Rede zur EU-Entsenderichtlinie

Jana Schimke (CDU/CSU):

Herr Präsident! Meine Damen und Herren! Unser Land hat sich verändert. Dinge, die vor 10, 15 Jahren selbstverständlich waren, als kein Hahn danach gekräht hat, wie es auf unserem Arbeitsmarkt zugeht, wären heute undenkbar. Heute ist es selbstverständlich, dass alle Menschen in Deutschland denselben Arbeitsschutzstandard erhalten, natürlich auch eine gleichwertige Entlohnung,

(Beate Müller-Gemmeke [BÜNDNIS 90/DIE GRÜNEN]: Das ist eben nicht der Fall! Deswegen brauchen wir dieses Gesetz!)

und dass die Rahmenbedingungen vergleichbar sind.

Es geht also – das muss man an dieser Stelle schon sagen – bei der Reform der europäischen Entsenderichtlinie darum, die verschiedenen Elemente des Spannungsbogens in Einklang zu bringen. Und zwar geht es auf der einen Seite um die Dienstleistungsfreiheit, die wir in Europa haben, darum, gleichzeitig Rechtssicherheit zu schaffen oder zu bewahren, aber auf der anderen Seite auch darum, den Wettbewerb nicht abzuwürgen – es ist an dieser Stelle heute schon mehrfach erklungen – und das Ganze mit dem entsprechenden sozialen Schutz zu versehen.

Das ist nicht immer leicht, wie wir merken. Denn es gibt eben nicht nur das Argument des gleichen Lohnes oder der gleichen Behandlung, sondern es gibt noch eine Vielzahl an anderen Argumenten, die, wenn wir über Wirtschaft, Arbeitnehmerfreizügigkeit und Dienstleistungsfreiheit reden, genauso dazugehören und die genauso berücksichtigt werden müssen.
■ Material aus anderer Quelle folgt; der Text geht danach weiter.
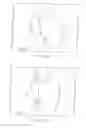 Fig. 09 - Apparatus and method for cardiac ablation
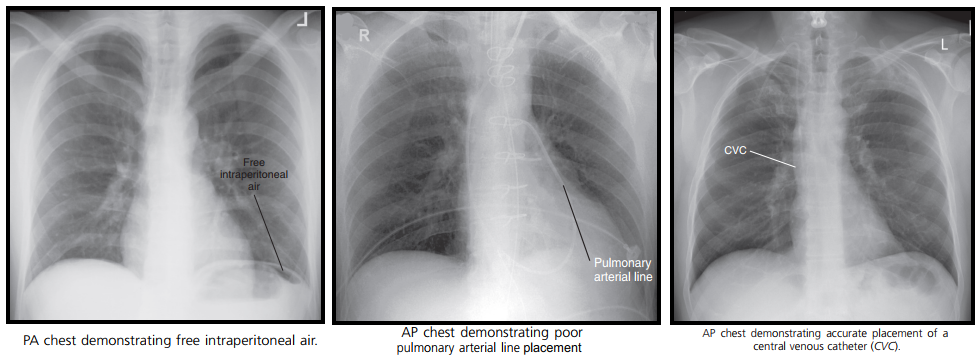 mesothelioma chest x ray,asthma chest x ray,asthma lungs x ray,mesothelioma x ray,cdh xray,asbestosis chest x ray,asbestos lung x ray,asbestosis x ray,hmi xray,asthma x ray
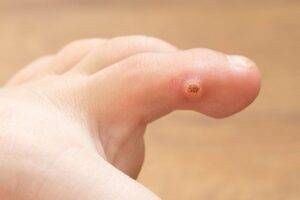 The Stubborn Reality of Warts: A Comprehensive Guide for Parents to Understand and Combat Skin Growths in Children 8 warts in children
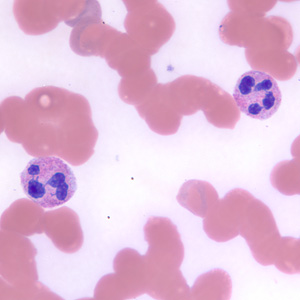 neutrophils_BAM1.jpg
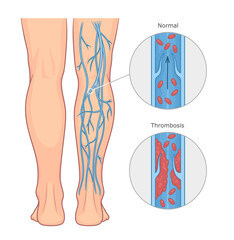 Deep vein thrombosis or DVT vector medical illustration. Healthy and unhealthy vein.  - obrazy, fototapety, plakaty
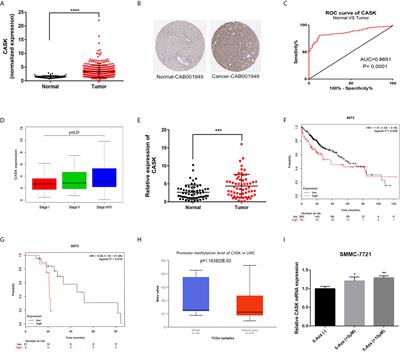 CASK Silence Overcomes Sorafenib Resistance of Hepatocellular Carcinoma Through Activating Apoptosis and Autophagic Cell Death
Nicht nur die Beschäftigten wollen arbeiten; auch die Unternehmen wollen in die Lage versetzt werden, täglich ihren Job zu machen.
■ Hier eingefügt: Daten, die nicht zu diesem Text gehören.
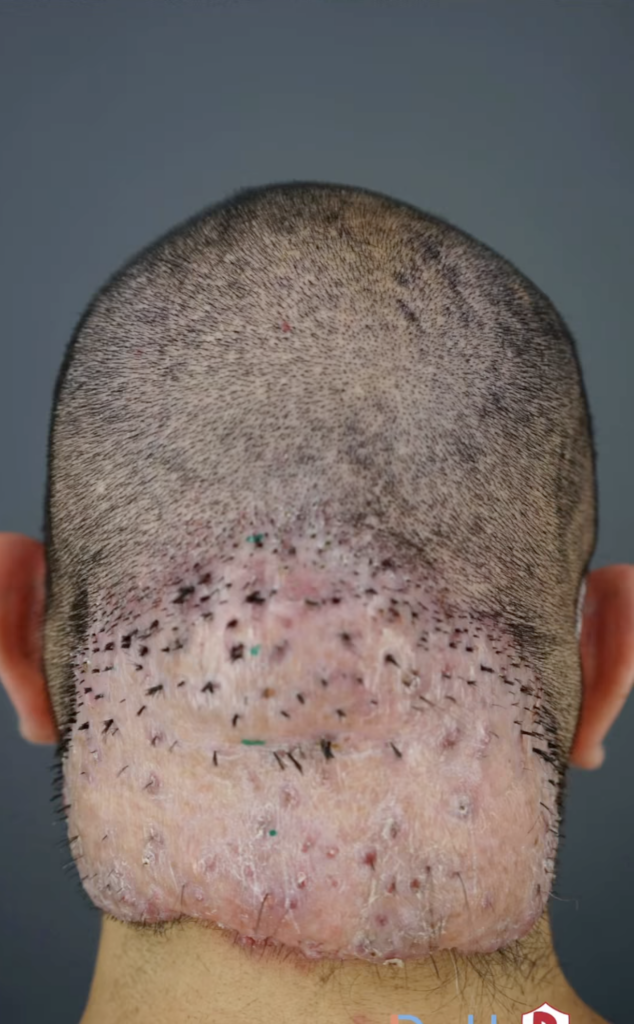 Rear view of Arturo’s shaved scalp with a broad treated area across the lower back of the head.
Ich will an dieser Stelle mal mit einer Sache aufräumen. Weil das Beispiel Bau heute sehr oft gekommen ist: Meine Damen und Herren, wir haben eine Mindestlohnvereinbarung im Bau; wir haben eine Allgemeinverbindlichkeit im Bau. Was Sie hier beispielhaft immer wieder vortragen, wie es vielleicht früher einmal gewesen ist, das ist heute nicht mehr so.

(Pascal Meiser [DIE LINKE]: Was ist denn mit dem Elektrohandwerker?)

Wir haben im Bau einheitliche Standards; das ist gut und richtig. Dazu hat sich der Gesetzgeber bereits vor vielen Jahren entschieden.

Ich will aber auf einen Aspekt hinweisen, der, glaube ich, an dieser Stelle sehr wichtig ist und der genannt werden sollte. Wir müssen bei allem Wünschenswerten schon darauf achten, dass wir die Tarifautonomie, die ein hohes Gut in diesem Land ist, nicht gefährden. Wir haben bei der Arbeitnehmerentsendung zwei Maßstäbe. Wir haben auf der einen Seite allgemeinverbindliche Tarifverträge, die bundesweit gelten, und wir haben auf der anderen Seite den Weg der Rechtsverordnung. Wir schaffen jetzt mit der Arbeitnehmerentsenderichtlinie die Regelung, dass jene, die einem Tarifvertrag unterliegen, sozusagen den gesamten Rattenschwanz zu zahlen haben – mit Zulagen, mit Weihnachtsgeld, mit allem, was dazukommt –,

(Bernd Rützel [SPD]: Das ist richtig so!)

und jene, die über Rechtsverordnung laufen, eben nur die Mindestlohnstandards einzuhalten haben.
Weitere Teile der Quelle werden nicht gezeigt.